GIVEN ENTRIES:
=====

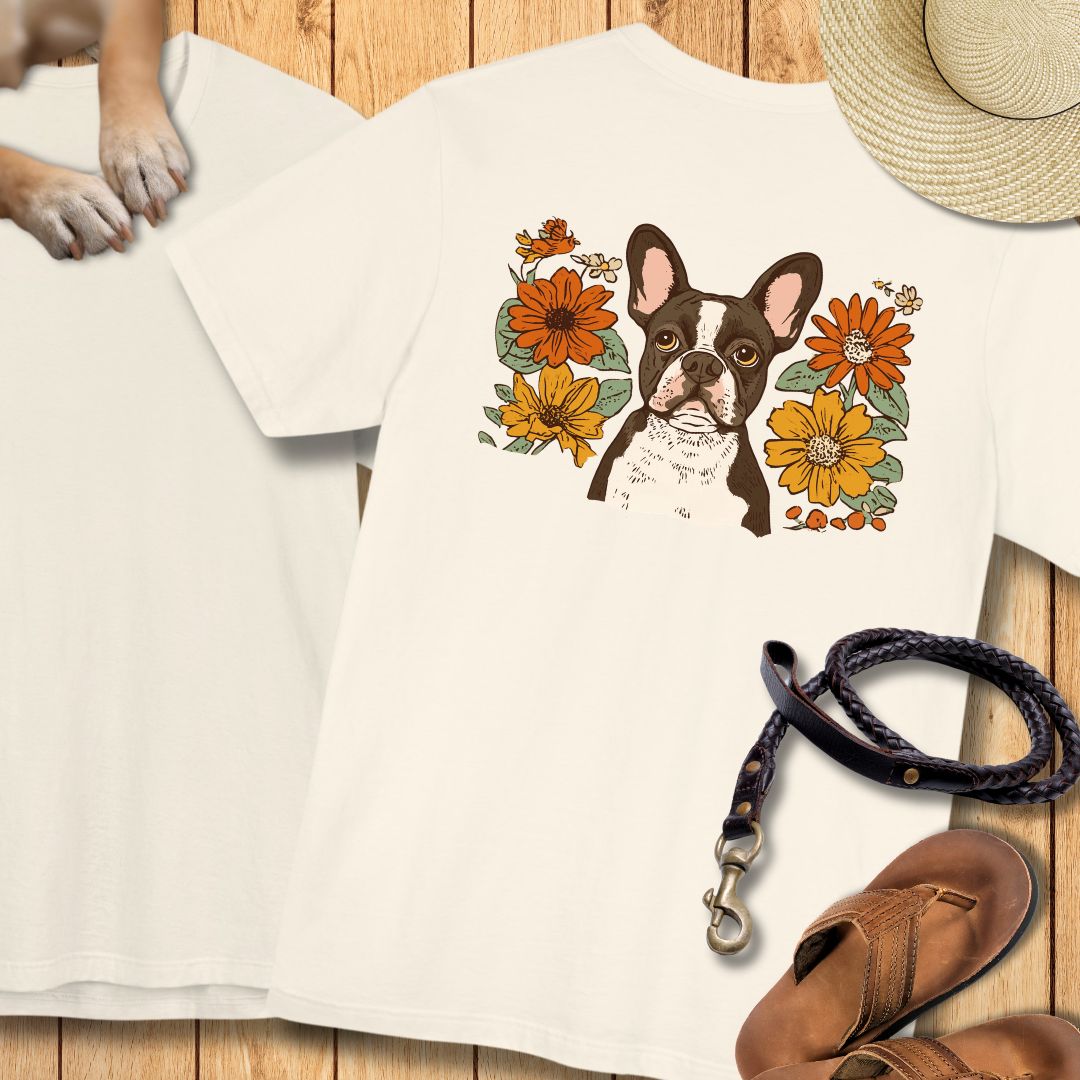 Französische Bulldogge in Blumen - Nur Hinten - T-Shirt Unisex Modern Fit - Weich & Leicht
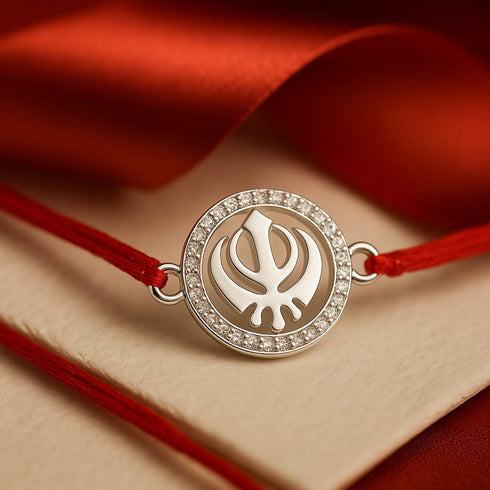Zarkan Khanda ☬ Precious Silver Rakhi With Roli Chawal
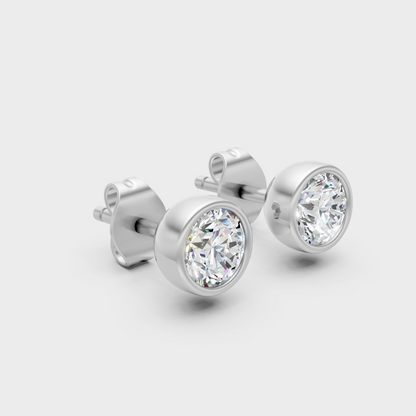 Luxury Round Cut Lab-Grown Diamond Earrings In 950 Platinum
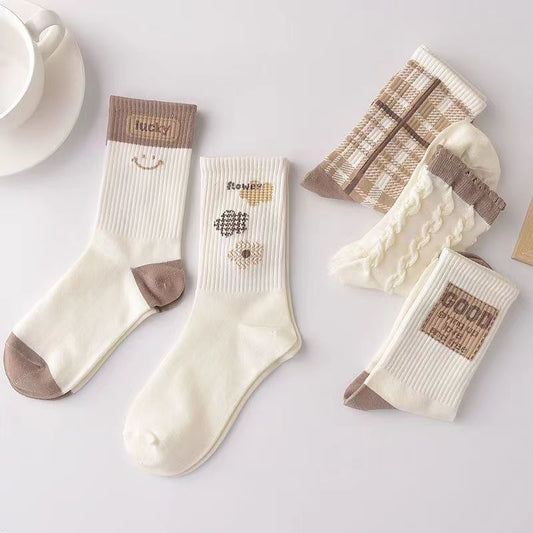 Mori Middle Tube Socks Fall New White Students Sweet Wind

=====

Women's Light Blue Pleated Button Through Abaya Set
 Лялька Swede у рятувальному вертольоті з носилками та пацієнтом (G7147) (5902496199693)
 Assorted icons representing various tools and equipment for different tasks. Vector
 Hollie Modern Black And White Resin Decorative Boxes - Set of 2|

=====

INSTRUCTIONS FOR THE TASK: In the entries above, one line contains "Women's Light Blue" and another contains "Hollie Modern Black". Reproduce exactly those two lines and the lines between them, nothing else.

SOLUTION FOR THIS EXERCISE:
Women's Light Blue Pleated Button Through Abaya Set
 Лялька Swede у рятувальному вертольоті з носилками та пацієнтом (G7147) (5902496199693)
 Assorted icons representing various tools and equipment for different tasks. Vector
 Hollie Modern Black And White Resin Decorative Boxes - Set of 2|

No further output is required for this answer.